» **Instructions for the task**:
Please reproduce the listing below exactly, leaving out every picture.

» **Data section**:
━━━
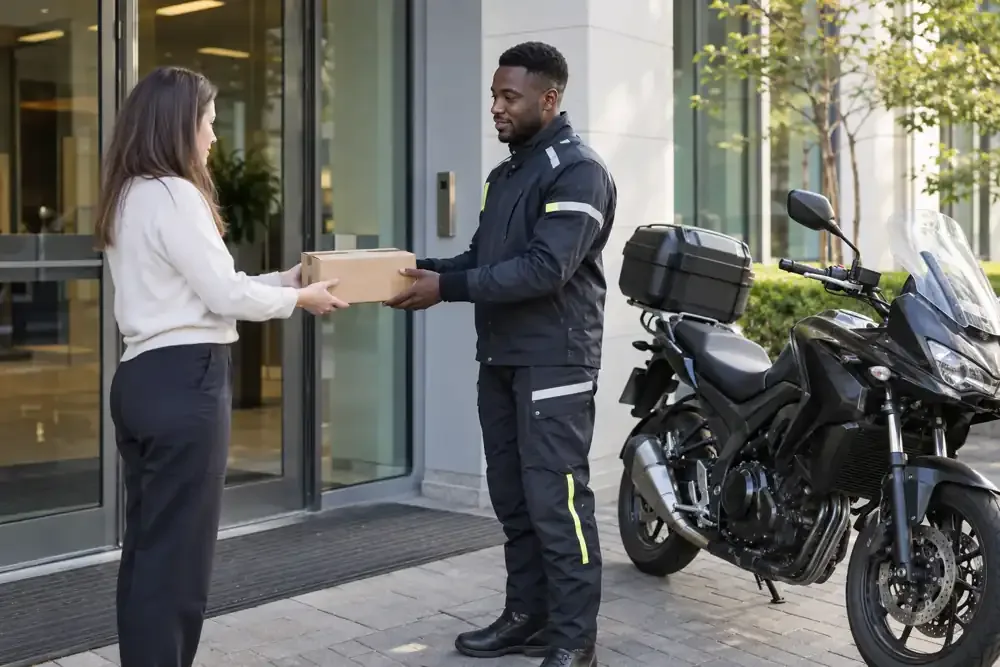 Courier completing a planned parcel handover outside an office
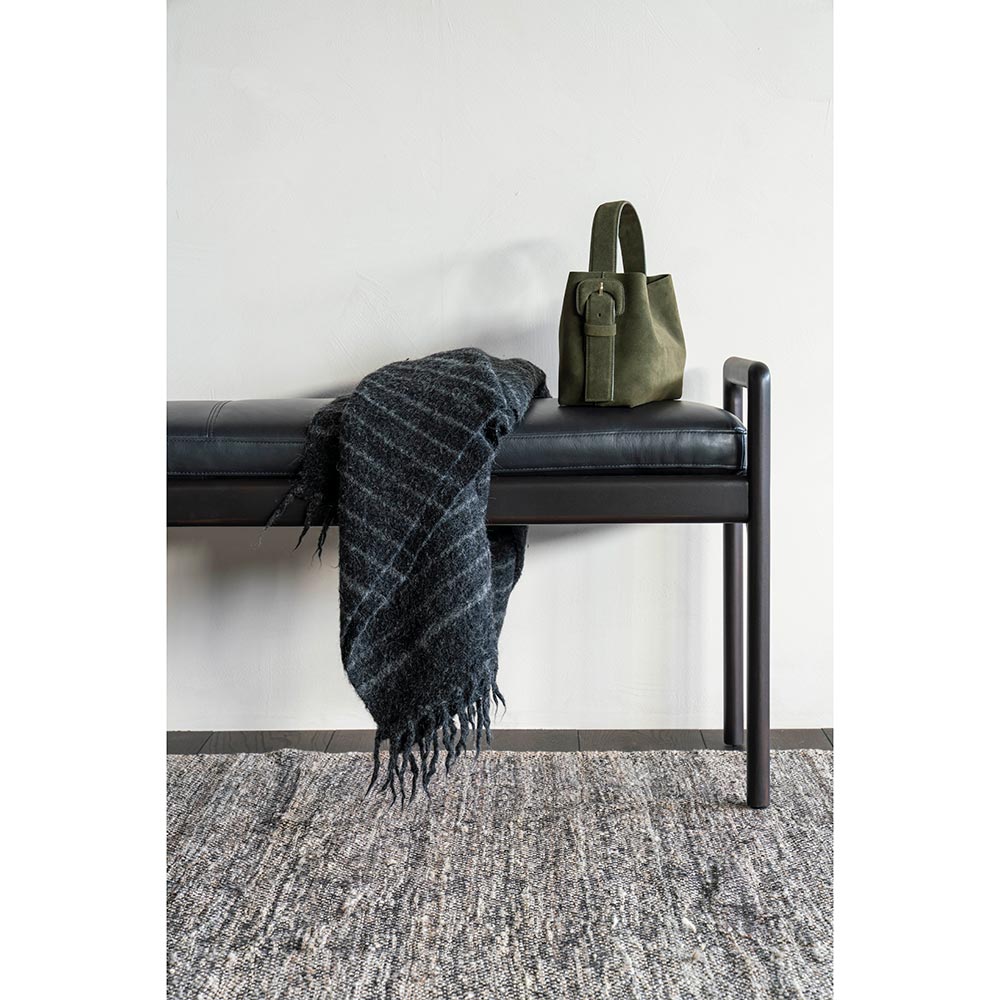 Jack Bench - Black Leather, Dark Brown Mahogany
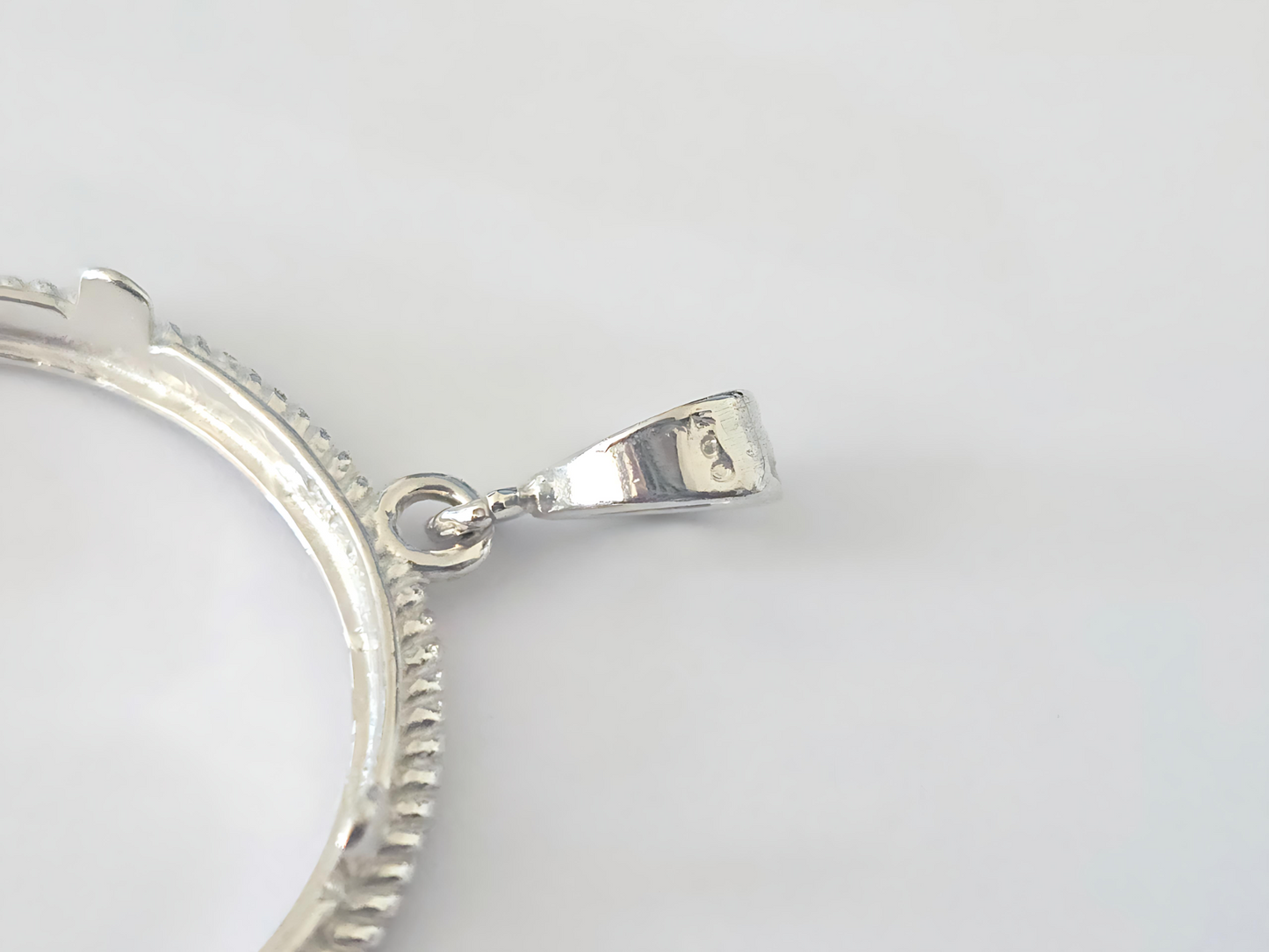 925 Sterling Silver Prong Back Rope Wire Edge Bezel for 30mm Half Dollar 50 Cents Coins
━━━
» **Written reply**:
 Courier completing a planned parcel handover outside an office
 Jack Bench - Black Leather, Dark Brown Mahogany
 925 Sterling Silver Prong Back Rope Wire Edge Bezel for 30mm Half Dollar 50 Cents Coins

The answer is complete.